9/13/2024
The image above is my sketch of what I think the “IRL Subtitles” project will look like by the end of the semester. My goal this week to start working towards this final product will be to begin formulating a working “Facial Detection” program for our glasses.
This will be broken up into a few different steps:
- determining the language: the language that everything will be done in will most likely be python.
- Obtaining an open source facial detection software to begin working on: this will most likely be from “Open CV” but if a better alternative is found I will switch to that.
- Finally, I will try to have a complete or near complete facial detection software that is able to recognize facial expressions and when someone is talking.
If I complete this soon enough I may also assist In the testing phase of comparing sound signals for localization.
9/22/24 Progress Report 1:
This week was productive in terms of progress for the Facial Detection software.
- The determined language was python and everything software related for the “IRL Subtitles” will be written in python. However, I had a lot of difficulty getting the software to run in a WSL2 environment because the WSL2 environment I was using did not support accessing webcams or other hardware devices directly. So for now I am just running everything on my windows system but this may switch to a “Docker” environment.
- I decided on using the open source facial detection software from “open CV” combined with the lip detection software from the previous semesters work in order to create an effective facial and lip detection software shown in the photo below. I got to the point of having it functioning as a face a lip detector.
For next week I will still need to complete a speech detection feature that determines when someone may be talking. This was already completed in the previous semester I just need to implement it to work in the new python file.
To Do List Week of 9/23/24:
My goal for this next coming week is to complete the facial detection software and make improvements where needed. Also, I will begin assisting with another task such as sound localization or the hardware testing side of things. This can be broken up like this:
- Finish the facial detection by having the ability to determine when someone might be speaking.
- Consult with my group and determine what I need to help with.
My tasks this week will mostly be determined by what section of the project needs the most help currently and this will be given as an update in next weeks report.
9/29/2024 Progress Report 2:
This last week did not go as planned for me. Along with my group members we determined what microcontroller and audio capturing devices we wanted to use and got them ordered. Also, we determined we would run all of our code through “FreeRTOS” onto the microcontrollers. This means that we determined we needed to switch all of our software from Python to C/C++.

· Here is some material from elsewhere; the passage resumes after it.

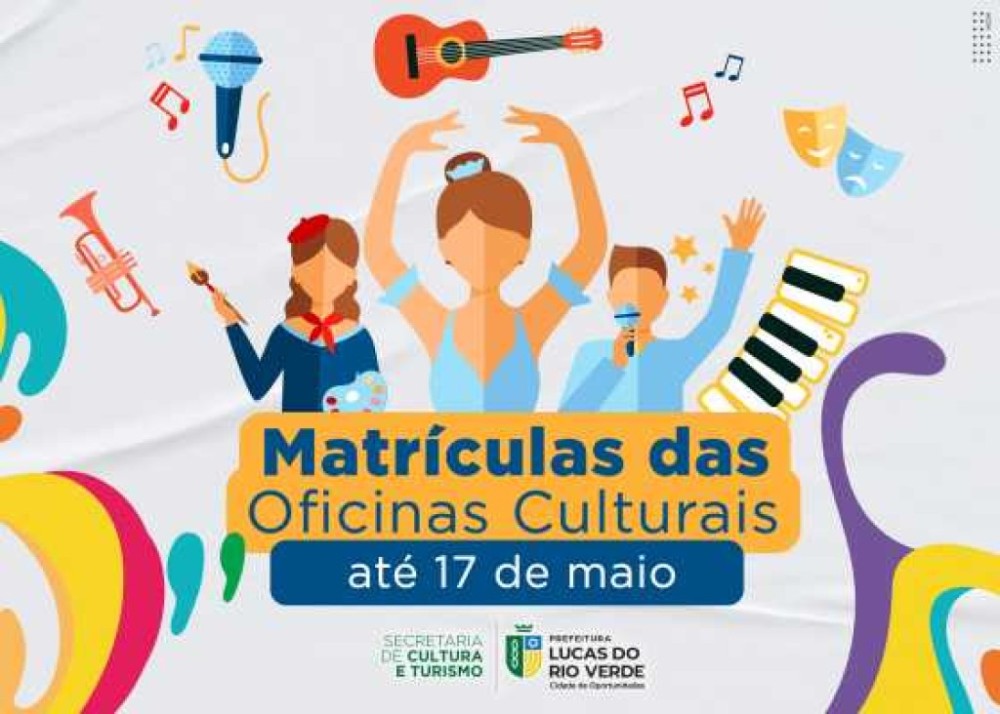 Oficinas Culturais estão com novas vagas abertas até sexta-feira (17)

My biggest mistake from this week was that I was working under the assumption that everything needed to be in C and the problem was that OpenCV libraries are mostly in C++/Python. However, I am able to work with C++ as we are able run it along with C on the “FreeRTOS” system. I spent a little too much time trying to figure out how to convert all my code to C when a simple google search could have made my workflow a lot smoother. So this will need to be added to my next weeks to do list.
To Do List Week of 9/30/24:
- Finally get to converting the facial recognition code from Python to C++ and developing the code further
- Looking into the OpenCV libraries for C++ and seeing what I have available
- Converting current facial recognition code into C++
- Adding the speech detection functionality
- If this gets complete I will assist with other operation on the IRL Subtitles project
My biggest concern for this week it the amount of time I will have with exams and events going on but now that I am sorted out on what I am able to do it should go much more smoothly this next week.
Progress Report 3:
Since CDR lots has been changed and worked on.

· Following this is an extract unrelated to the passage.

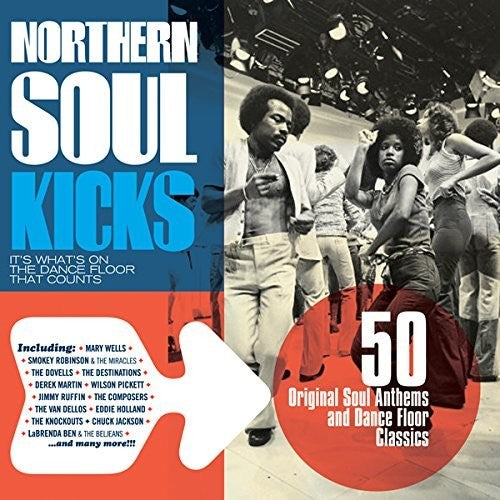 the album cover for Northern Soul Kicks / Various Spa - Northern Soul Kicks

- From feedback during CDR we decided to run our computation through the computer and just have our esp32 boards capture audio and video and send it to the computer. This means that instead of switching to C we are keeping most of our code in Python because we have a lot more code already in Python. This also made continuing development in the facial detection department a lot easier. Shown in the picture below is the most updated picture of facial detection code that can count number of possible speech and has boxes for the placement of subtitles.
Right now the 2 states for face detection is the box at the bottom of the screen for when no faces are present and the box below the face box for when a person is present. This will be used for determining where text should be placed on the screen.

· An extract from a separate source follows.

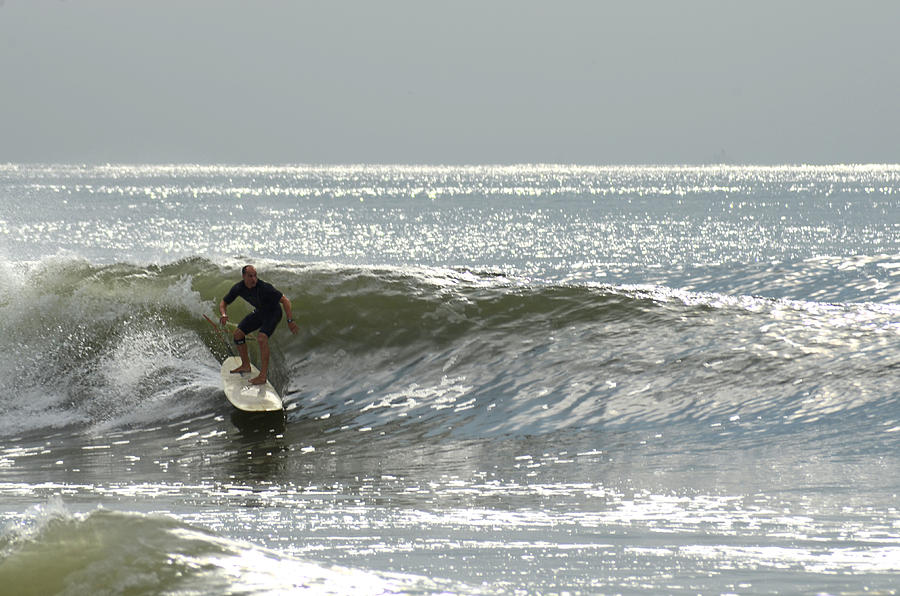 Surfer Rockaway Beach Photograph by Maureen E Ritter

- the second part I have worked on is setting up sending data over WIFI from the esp32 s3 eye. Getting this to work was very difficult as there is not very much information on this specific board on the internet at all it was very cryptic and took a lot of time to figure out. Just recently my group mates figured out how to get the video stream sent over WIFI so we have this mostly sorted.
To Do List Week of 11/3/24:
- Develop the facial detection code to combine with other localization methods.
this will take a lot of time I am sure but if it gets done quickly I will help with other sections of the project. My main concern for this week is figuring out how to format the code with the already existing facial detection code but this should be fairly easy with Python I presume.
Final Update 12/6/24
- The facial detection code was combined with the video data sent to the web server via scraping. This was implemented by taking the video sent from the esp32-eye and using it for the Opencv code instead of the integrated camera.
- The audio and video were all sent to the same web server and we figured out how to scrape both the video and audio.
- A speech to text method was figured out and this was all combined into one environment shown up in the OpenCV display with all other methods. These were all combined the Opencv code and video scraping code were combined into one python script and the audio was called from a separate file that converted the speech to text in order to display the text inside of the boxes created from Opencv.
We have also been working on the final report and finalizing everything with our project!